- [Work order]:
With pictures excluded, retype exactly every line from the one containing "Jenseits Des Aquators 3842489331 Book Cover" to the end of the records below.

(Brief descriptive captions)
------------------------------------------------------------------------

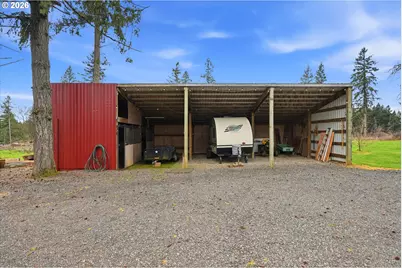 12333 S New Era Rd, Oregon City, OR 97045 - Photo 35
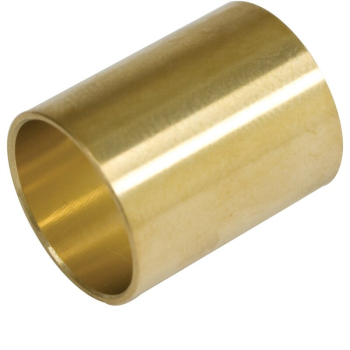 Bushing for Shift Rod Bushing Housing | VW Golf 1 | OE 98-8642-B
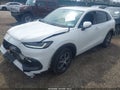 Photo 2 of 16 — 2023 Honda HR-V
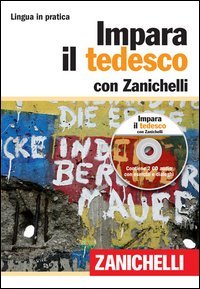 Impara il tedesco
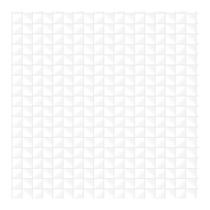 Papel de Parede Pastilhas Vinil Lavável Cozinha Banheiro Sala Lavabo Cores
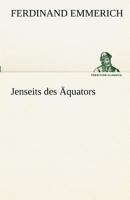 Jenseits Des Aquators 3842489331 Book Cover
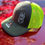 Thumbnail: Atlas Trucker Hat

------------------------------------------------------------------------

- [Final answer]:
 Jenseits Des Aquators 3842489331 Book Cover
 Thumbnail: Atlas Trucker Hat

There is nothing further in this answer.